Dauphin is very much in control and remains a very strong revenue generator and deal maker, a senior executive at a rival trading house said.
The rest of the shares are held by 700 senior managers, past or present, which would include any of the other living founders Eric de Turckheim, Graham Sharp, Daniel Posen and Mark Crandall still owning shares.
Buybacks went up from $357 million in 2011, or roughly 10% of shareholders equity at the time, to $787 million in 2012, or over 20% of equity. Last year, the buybacks amounted to as much as $855 million, or 17% of equity of about $5 billion. Together with planned buybacks of $1.515 billion until 2017, Trafigura will have changed more than two-thirds of its ownership over six or seven years, assuming shareholdings are redeemed at balance sheet value.

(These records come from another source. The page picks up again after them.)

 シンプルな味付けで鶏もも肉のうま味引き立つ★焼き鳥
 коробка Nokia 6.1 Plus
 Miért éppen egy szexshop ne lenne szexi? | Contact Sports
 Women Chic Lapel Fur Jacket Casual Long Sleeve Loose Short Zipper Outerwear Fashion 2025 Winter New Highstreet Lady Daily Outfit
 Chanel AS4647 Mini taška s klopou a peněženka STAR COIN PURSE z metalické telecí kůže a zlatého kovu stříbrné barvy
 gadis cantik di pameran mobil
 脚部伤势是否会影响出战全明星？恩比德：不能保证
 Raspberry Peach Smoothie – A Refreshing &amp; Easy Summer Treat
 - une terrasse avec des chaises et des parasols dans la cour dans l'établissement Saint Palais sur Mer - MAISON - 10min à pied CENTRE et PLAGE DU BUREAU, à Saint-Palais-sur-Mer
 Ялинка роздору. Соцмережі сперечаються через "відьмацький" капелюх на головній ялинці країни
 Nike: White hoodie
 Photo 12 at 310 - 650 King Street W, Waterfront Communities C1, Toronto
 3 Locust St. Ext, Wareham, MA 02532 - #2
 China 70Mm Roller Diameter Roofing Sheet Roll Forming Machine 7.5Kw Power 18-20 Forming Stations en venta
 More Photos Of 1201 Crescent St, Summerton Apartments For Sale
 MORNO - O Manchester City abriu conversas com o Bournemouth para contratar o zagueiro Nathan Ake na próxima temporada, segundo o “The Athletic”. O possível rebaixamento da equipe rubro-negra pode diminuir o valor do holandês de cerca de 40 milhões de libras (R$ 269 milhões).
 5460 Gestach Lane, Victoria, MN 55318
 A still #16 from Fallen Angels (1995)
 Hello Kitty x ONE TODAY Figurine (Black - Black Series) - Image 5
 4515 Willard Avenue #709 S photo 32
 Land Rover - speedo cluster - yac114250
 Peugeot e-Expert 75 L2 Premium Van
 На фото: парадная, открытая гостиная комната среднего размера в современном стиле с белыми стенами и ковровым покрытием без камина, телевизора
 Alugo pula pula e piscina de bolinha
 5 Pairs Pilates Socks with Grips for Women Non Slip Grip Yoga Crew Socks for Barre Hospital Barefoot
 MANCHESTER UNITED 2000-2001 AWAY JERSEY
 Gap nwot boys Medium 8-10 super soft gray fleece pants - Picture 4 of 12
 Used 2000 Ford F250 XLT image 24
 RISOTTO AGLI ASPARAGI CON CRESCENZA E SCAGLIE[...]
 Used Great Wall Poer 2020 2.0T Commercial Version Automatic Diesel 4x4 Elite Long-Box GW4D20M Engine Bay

The company, whose board is filled with relatively young managers, doesnt disclose how shares are redistributed after buybacks or on what valuation basis newcomers buy in.
It is a once-in-a-generation change, a source at a rival trader said.
The younger generation in charge now includes chief operational officer Mike Wainwright, head of mining and market risk Jeremy Weir, head of non-ferrous commodities Simon Collins, head of oil trading Jose Larocca, head of derivative trading Duncan Letchford and chief financial officer Pierre Lorinet.
A record $10-billion initial public offering by rival Glencore in 2011 produced a string of billionaires and created an expectation in the market that more trading houses would follow suit.
Glencores subsequent merger with Xstrata created a mining and trading giant with a capitalisation of $68 billion, nearly 14 times Trafiguras book value, which could be multiplied several times for an IPO valuation. However, no major trading house has conducted an IPO since Glencore, preferring a private status that allows them to disclose as little as possible and avoid giving competitors an insight into their trading strategy.
There is also an argument from fairness for maintaining a private company, in that an IPO can give an unearned bonus to those who have bought into a company below market value.
It is very much like the old Goldman Sachs model, an industry source said of the buyback philosophy.
Goldman was a private partnership throughout most of last century until it went public in 1999. Goldmans partners had opposed an IPO several times, with some senior leaders arguing that partners who were let in at book value should leave at book value, too, rather than be allowed to cash out at an IPO price that reflected the work of previous generations.
Whatever its specific reasons, Trafiguras hefty buybacks reinforce its inclination to remain private owned by its employees. We believe this is the best ownership model for our core trading business, Dauphin said.